I have merged master and resolved conflicts best to my knowledge.

Original PR description is copied bellow.


This PR propose an improved method for suggesting peers for connecting. Whenever a peer of a given bin needs to be added, instead of taking the first callable, the method suggest the peer which covers a bigger address space. The method is implemented but is not currently attached to the main code (so it is only used in unit tests). Attaching it is just replacing the call to the current function.
(This was built on top of Kademlia load balancing pr #1757).

This is extracted from network/README.md:

Address space gaps

In order to optimize Kademlia load balancing, performance and peer suggestion, we define the concept of address space gap or simply gap.
A gap is a portion of the overlay address space in which the current node does not know any peer. It could be represented as a range of addresses: 0xxx, meaning 0000-0111

The proximity order of a gap or gap po is the proximity order of that address space with respect to the nearest peer(s) in the kademlia connected table (and considering also the current node address). For example if the node address is 0000, the gap of addresses 1xxx has proximity order 0. However the proximity order of the gap 01xx has po 1.

The size of a gap is defined as the number of addresses that could fit in it. If the area of the whole address space is 1, the size of a gap could be defined from the gap po as 1 / 2 ^ (po + 1). For example, our previous 1xxx gap has a size of 1 / (2 ^ 1) = 1/2. The size of 01xx is 1 / (2 ^ 2) = 1/4.

In order to increment performance of content retrieval and delivery the node should minimize the size of its gaps, because this means that it knows peers near almost all addresses. If the minimum gap in the kademlia table is 4, it means that whatever look up or forwarding done will be at least 4 po far away.

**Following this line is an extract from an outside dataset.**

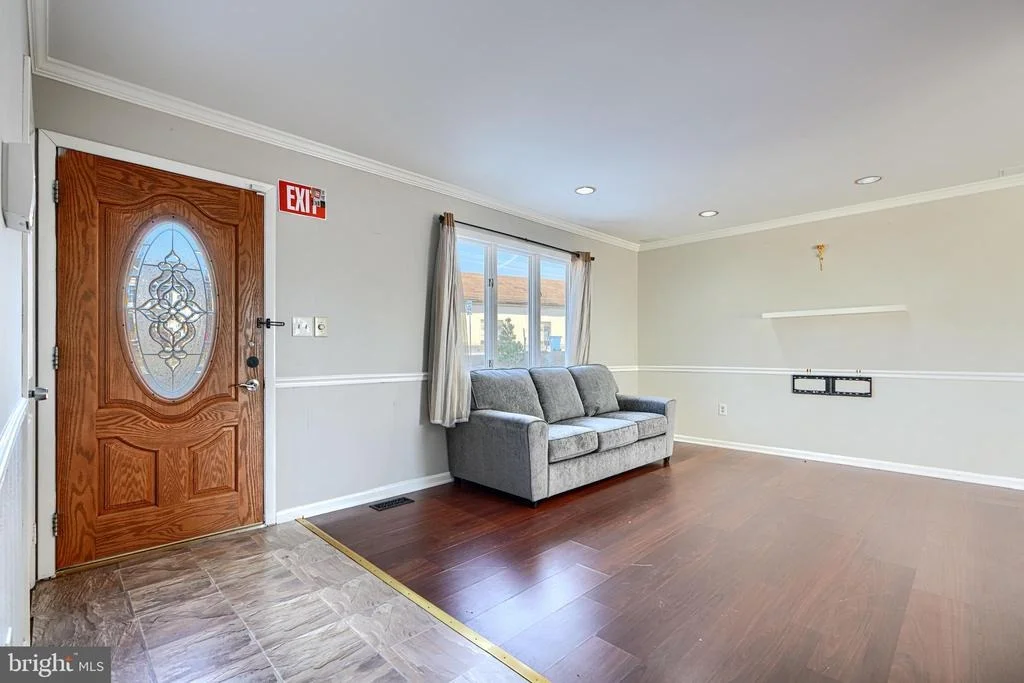 Photo of 10100 LEWIS DRIVE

On the other hand, if the node has a 0 po gap, it means that for half the addresses, the next jump will be still 0 po away!.

Gaps for peer suggestion

The current kademlia bootstrap algorithm try to fill in the bins (or po spaces) until some level of saturation is reached.
In the process of doing that, the gaps will diminish, but not in the optimal way.

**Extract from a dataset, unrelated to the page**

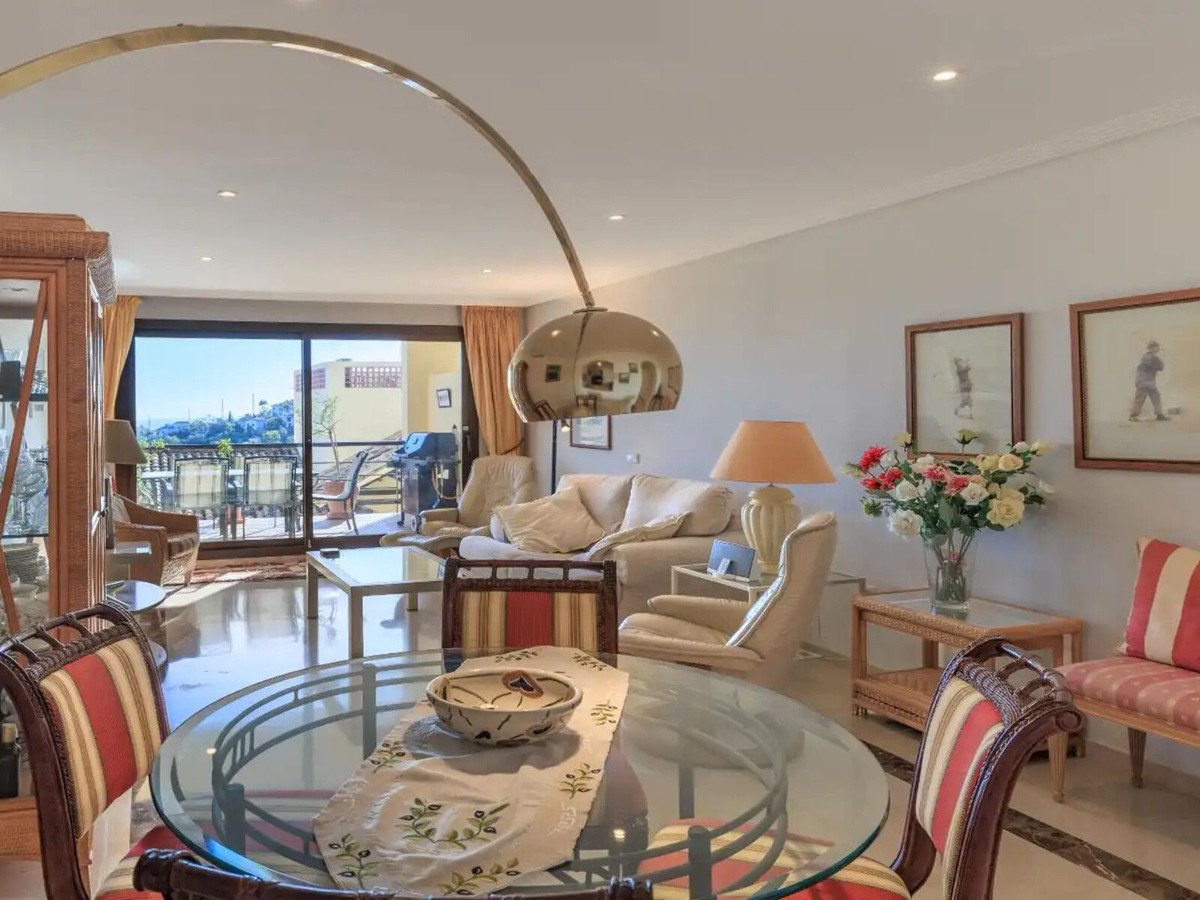3 Bed Ground Floor Apartment in Los Arqueros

For example, if the node address is 00000000, it is connected only with one peer in bin 0 10000000 and the known addresses for bin 0 are: 10000001 and 11000000. The current algorithm we will take the first callable one, so for example, it may suggest 10000001 as next peer. This is not optimal, as the biggest gap in bin 0 will still be po 1 => 11xxxxxx. If however, the algorithm is improved searching for a peer which covers a bigger gap, 11000000 would
be selected and now the biggest gaps will be po2 => 111xxxx and 101xxxx.

Additionally, even though the node does not have an address in a particular gap, it could still select the furthest away from the current peers so it covers a bigger gap. In the previous example with node 00000000 and one peer already connected 10000000, if the known addresses are 10000001 and 1001000, the best suggestion would be the last one, because it is po 3
from the nearest peer as opposed to 10000001 that is only po 7 away. The best case will cover a gap of po 3 size (1/16 of area or 16 addresses) and the other one just po 7 size (1/256 area or 1 address).

Gaps and load balancing

One additional benefit in considering gaps is load balancing. If the target addresses are distributed randomly (although address popularity is another problem that can also be studied from the gap perspective), the request will
be automatically load balanced if we try to connect to peers covering the bigger gaps. Continuing with our example, if in bin 0 we have peers 10000000 and 10000001 (Fig. 1), almost all addresses in space 1xxxxxxx, that is, half of the addresses will have the same distance from both peers. If we need to send to some of those address we will need to use one of those peers. This could be done randomly, always the first or with some load balancing accounting to use the least
used one.
Fig. 1
Fig.1 - Closer peers needs an external Load Balancing mechanism

This last method will still be useful, but if the gap filling strategy is used, most probably both peers will be separated enough that they never compete for an address and a natural load balancing will be made among them (for example, 10000000 and 11000000 will be used each for half the addresses in bin 0 (Fig. 2)).
Fig. 2
Fig.2 - Peers chosen by space address gap have a natural load balancing

Implementation

The search for gaps can be done easily using a proximity order tree or pot. Traversing the bins of a node, a gap is found if there is some of the po's missing starting from furthest (left). In each level the starting po to search for is the parent po (not 0, because in the second level, under a node of po=0, the minimum po that could be found is 1).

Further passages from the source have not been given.